Exactly as they appear, print the line with "Gray Waffle Knit" and each line after it through the end of the entries below; leave out pictures.

═══ ENTRIES PROVIDED ═══

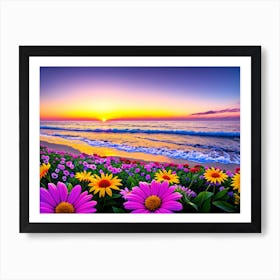 Sunset With Flowers Art Print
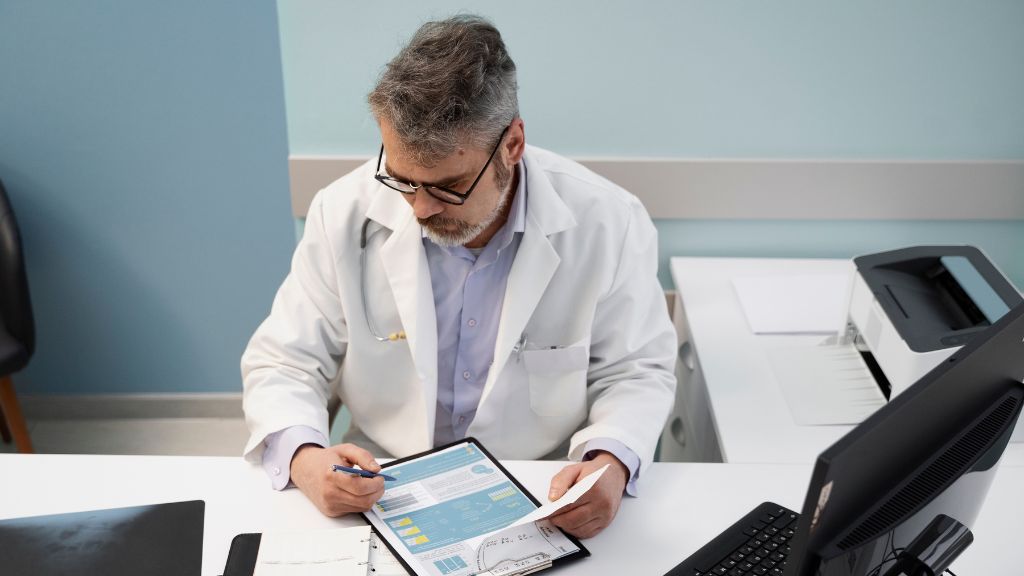 Doctor considering legal implications of AI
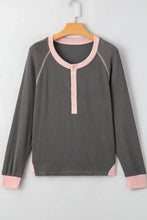 Gray Waffle Knit Long Sleeve Button Up Shirt for Women Woman T Shirts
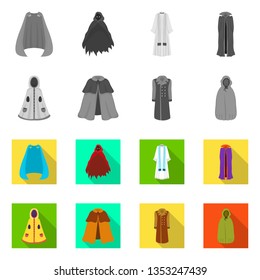 Vector illustration of material and clothing sign. Set of material and garment vector icon for stock.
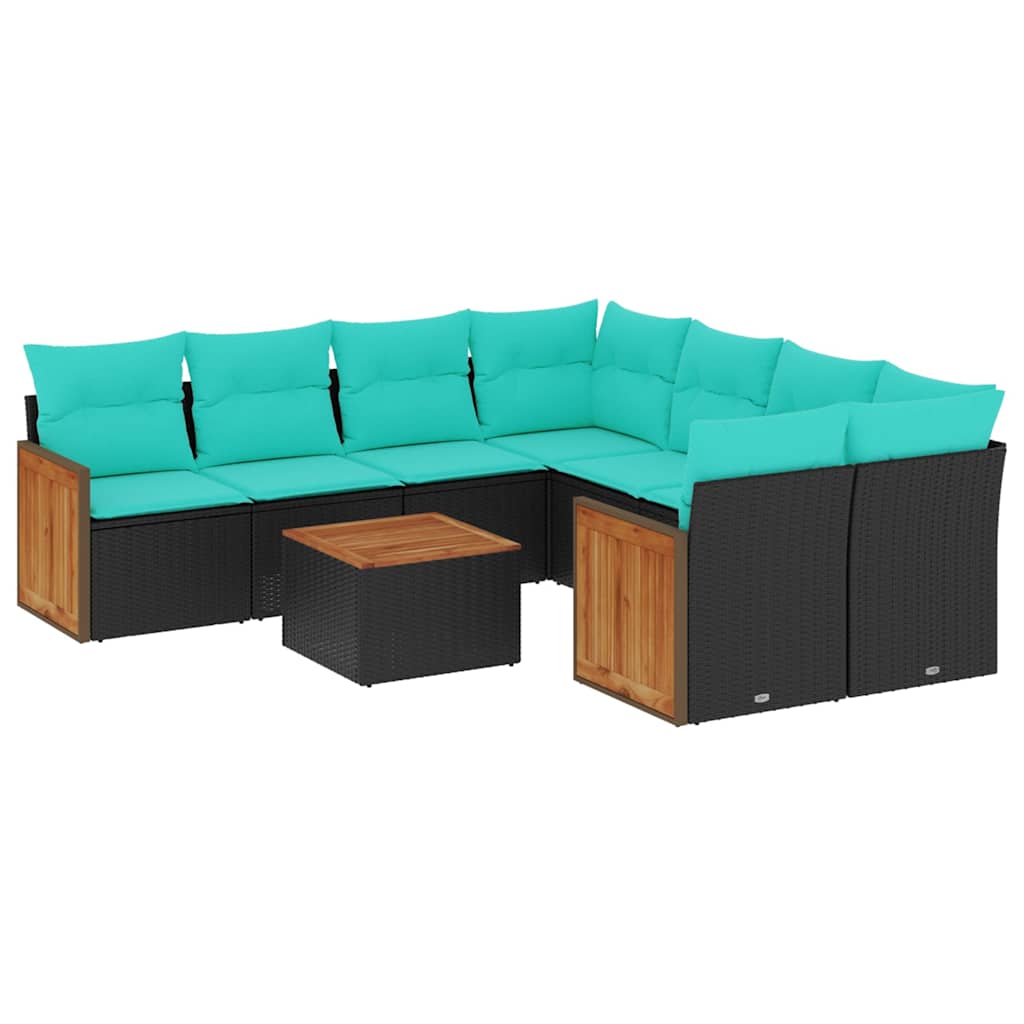 Ensemble de canapé de jardin 9 pcs avec coussins noir résine tressée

═══

ANSWER.
 Gray Waffle Knit Long Sleeve Button Up Shirt for Women Woman T Shirts
 Vector illustration of material and clothing sign. Set of material and garment vector icon for stock.
 Ensemble de canapé de jardin 9 pcs avec coussins noir résine tressée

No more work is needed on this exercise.